Volume One is the Loneliest Number: She & Him: “Black Hole”
The actress and singer, Zooey Deschanel and the musician and producer, M. Ward teamed up to form the alt-country/pop duo known as She & Him. Their first release, 2008’s aptly titled Volume One, consists of 13 songs (nine of which Deschanel penned, one she co-wrote, and three covers). Their sound, which often feels sunny like a Southern California beach (boys) day, is often offset with Deschanel’s overcast lyrics, as represented in the opener, “Sentimental Heart” and this track, “Black Hole.”
“And it just gets/So foggy/It’s nowhere in here/And it’s everywhere else/That I don’t want to be/But I’m stuck here/Getting misty over you/I’m alone on a bicycle for two.” It’s this last line that creates such a vivid image of a lonely someone newly single.
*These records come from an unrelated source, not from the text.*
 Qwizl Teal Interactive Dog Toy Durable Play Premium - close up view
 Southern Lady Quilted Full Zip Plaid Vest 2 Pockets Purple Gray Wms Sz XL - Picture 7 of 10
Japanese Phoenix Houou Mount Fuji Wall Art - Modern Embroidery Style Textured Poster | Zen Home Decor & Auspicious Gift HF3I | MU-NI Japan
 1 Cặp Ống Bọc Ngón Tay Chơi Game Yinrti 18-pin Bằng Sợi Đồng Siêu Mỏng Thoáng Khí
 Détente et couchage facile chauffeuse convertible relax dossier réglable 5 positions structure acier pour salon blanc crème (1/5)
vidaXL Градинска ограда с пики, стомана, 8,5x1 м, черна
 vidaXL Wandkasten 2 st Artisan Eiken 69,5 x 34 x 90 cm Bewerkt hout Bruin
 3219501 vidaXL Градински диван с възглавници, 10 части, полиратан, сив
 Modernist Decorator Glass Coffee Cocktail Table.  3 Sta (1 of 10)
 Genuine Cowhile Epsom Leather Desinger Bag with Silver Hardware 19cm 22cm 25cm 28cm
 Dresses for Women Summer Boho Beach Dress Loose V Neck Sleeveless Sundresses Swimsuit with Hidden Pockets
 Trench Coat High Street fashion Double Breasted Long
Deschanel takes that idea of the tandem bike, which has traditionally been seen as an innocent, happy-go-lucky activity shared between two people, and veers it off course.
She also incorporates inclement-weather-related terms (“rain” [in my head]; “foggy”; “misty”) as analogous descriptors for obsessive mental “spinning,” confusion, and sadness, respectively. “Black Hole” conveys how difficult it can be to move forward, not just literally, for a bicyclist without a riding partner, but emotionally, for this “she” in the song now finds herself without a “him.”